Hacker News new | ask | show | jobs
by bob1029 904 days ago
For our product, I'd consider an acceptable RPO for our most stringent customer to be no more than 5 seconds of committed data loss under a catastrophic scenario (i.e. primary log writer wiped off face of planet instantly). The reason I say 5 seconds and not 0 seconds is because performance is also a feature, and we don't want to shoot our other foot off if blocking/synchronous log replication happens to get stuck for a few minutes. A region-ending event is orders of magnitude more rare than a fiber cut, so an argument can be made for async replication.

There are other bank systems that do utilize hard, synchronous replication semantics (hopefully for obvious reasons), but they can afford to sacrifice performance and availability during business hours (more than we can). We always defer to the records in these systems.

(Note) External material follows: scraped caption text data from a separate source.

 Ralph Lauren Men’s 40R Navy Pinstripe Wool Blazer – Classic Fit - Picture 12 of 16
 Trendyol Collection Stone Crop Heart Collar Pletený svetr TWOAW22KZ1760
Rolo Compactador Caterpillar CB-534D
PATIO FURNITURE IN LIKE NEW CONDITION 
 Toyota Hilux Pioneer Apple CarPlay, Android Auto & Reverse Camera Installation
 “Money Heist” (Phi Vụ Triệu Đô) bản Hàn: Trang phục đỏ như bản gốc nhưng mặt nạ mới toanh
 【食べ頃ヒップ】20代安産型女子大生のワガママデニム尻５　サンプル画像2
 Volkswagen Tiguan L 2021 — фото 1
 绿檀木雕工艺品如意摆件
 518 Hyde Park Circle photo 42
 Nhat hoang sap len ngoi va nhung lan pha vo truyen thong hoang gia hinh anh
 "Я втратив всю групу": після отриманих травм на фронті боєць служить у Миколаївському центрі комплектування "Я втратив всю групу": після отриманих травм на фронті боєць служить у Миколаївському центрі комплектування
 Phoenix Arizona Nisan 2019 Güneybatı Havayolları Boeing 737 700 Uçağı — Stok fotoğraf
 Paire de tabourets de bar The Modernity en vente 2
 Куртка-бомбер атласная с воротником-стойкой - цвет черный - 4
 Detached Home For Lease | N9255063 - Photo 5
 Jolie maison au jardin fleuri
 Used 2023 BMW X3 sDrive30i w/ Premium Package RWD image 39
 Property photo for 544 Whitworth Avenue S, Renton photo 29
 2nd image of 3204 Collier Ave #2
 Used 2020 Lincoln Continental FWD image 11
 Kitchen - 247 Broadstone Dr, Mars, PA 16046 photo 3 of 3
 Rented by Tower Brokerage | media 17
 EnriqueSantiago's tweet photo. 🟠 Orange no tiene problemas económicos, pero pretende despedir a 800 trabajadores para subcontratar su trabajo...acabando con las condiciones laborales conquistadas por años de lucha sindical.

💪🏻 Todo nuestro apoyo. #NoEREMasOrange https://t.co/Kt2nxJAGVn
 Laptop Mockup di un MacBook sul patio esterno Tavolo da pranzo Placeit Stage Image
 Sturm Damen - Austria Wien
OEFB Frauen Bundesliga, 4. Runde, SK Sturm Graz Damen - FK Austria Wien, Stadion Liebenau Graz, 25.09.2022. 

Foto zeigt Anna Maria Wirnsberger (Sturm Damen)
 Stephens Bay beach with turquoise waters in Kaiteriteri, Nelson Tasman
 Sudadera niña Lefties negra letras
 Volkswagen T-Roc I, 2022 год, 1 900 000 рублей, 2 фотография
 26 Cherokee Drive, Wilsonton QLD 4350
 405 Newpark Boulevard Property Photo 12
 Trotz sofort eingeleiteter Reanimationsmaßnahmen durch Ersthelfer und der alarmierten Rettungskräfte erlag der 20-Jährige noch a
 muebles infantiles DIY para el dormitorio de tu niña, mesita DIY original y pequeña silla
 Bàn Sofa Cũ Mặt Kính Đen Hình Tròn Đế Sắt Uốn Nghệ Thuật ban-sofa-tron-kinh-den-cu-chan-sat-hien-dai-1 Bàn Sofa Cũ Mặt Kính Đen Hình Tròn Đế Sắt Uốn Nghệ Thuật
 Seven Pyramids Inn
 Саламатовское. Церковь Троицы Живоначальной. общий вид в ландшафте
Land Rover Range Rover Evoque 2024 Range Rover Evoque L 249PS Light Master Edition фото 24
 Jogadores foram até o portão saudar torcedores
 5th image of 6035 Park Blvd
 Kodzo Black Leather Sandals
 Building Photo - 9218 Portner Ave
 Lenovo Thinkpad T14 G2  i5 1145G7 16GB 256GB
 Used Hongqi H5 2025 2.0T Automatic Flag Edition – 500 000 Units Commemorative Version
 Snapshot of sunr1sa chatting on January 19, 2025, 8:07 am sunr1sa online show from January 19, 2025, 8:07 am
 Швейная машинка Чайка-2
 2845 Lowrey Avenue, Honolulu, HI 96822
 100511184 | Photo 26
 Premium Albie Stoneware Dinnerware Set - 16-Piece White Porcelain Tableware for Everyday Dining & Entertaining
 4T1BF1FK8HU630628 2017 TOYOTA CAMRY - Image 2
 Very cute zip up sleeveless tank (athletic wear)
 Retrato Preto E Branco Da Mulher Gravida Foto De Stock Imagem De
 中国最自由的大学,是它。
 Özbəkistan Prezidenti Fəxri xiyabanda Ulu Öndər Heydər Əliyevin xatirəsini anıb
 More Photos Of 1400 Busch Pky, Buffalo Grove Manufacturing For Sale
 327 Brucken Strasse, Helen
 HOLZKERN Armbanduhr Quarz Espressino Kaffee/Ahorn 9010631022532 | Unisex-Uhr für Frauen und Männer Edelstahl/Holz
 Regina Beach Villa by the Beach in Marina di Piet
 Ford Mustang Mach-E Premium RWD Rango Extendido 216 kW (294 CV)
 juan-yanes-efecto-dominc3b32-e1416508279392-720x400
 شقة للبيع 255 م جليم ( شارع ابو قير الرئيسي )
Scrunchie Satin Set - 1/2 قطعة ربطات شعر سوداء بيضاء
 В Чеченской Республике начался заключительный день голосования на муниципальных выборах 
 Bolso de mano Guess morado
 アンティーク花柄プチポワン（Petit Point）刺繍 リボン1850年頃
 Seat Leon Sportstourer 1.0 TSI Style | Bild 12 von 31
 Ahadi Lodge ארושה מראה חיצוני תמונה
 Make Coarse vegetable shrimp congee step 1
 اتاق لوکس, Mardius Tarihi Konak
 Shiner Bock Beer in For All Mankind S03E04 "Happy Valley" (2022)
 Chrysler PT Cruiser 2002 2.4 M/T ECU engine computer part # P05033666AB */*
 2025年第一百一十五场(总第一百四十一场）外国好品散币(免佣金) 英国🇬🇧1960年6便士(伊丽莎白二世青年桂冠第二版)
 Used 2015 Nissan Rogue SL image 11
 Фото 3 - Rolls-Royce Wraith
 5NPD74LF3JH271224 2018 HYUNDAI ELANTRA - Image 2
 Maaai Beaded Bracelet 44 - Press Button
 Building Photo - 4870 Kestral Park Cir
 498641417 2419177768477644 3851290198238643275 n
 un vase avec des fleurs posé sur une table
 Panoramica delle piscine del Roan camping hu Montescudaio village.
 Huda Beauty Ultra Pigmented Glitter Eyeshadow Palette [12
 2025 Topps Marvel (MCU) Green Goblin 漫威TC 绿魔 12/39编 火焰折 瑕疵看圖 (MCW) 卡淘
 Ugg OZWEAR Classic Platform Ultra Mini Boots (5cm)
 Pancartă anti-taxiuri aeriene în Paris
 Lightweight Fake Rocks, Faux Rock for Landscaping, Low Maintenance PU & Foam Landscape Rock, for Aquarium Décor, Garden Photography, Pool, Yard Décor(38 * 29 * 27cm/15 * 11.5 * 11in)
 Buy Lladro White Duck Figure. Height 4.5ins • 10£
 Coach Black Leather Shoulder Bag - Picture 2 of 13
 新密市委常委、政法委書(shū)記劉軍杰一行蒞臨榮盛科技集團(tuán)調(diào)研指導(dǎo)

We can tolerate a few bits of work getting out of sync and needing to be recovered in the back office. Mopping up a little bit of extra trash after the apocalypse is acceptable to all involved. We cannot tolerate all users being blocked for more than a few minutes, nor can we tolerate a de-sync of aggregate system state exceeding the same. Anything beyond this and we are at risk of having to wipe all work and disrupt end customer activity to keep ops and support teams from crashing.

2 comments

Thanks a lot for sharing bob1029, nice explanation and justifications, much appreciated!
Someone who understands the careful balance to strike, when data availability is actually the most important factor.

I'm in a very similar situation in my industry. Thanks for your words.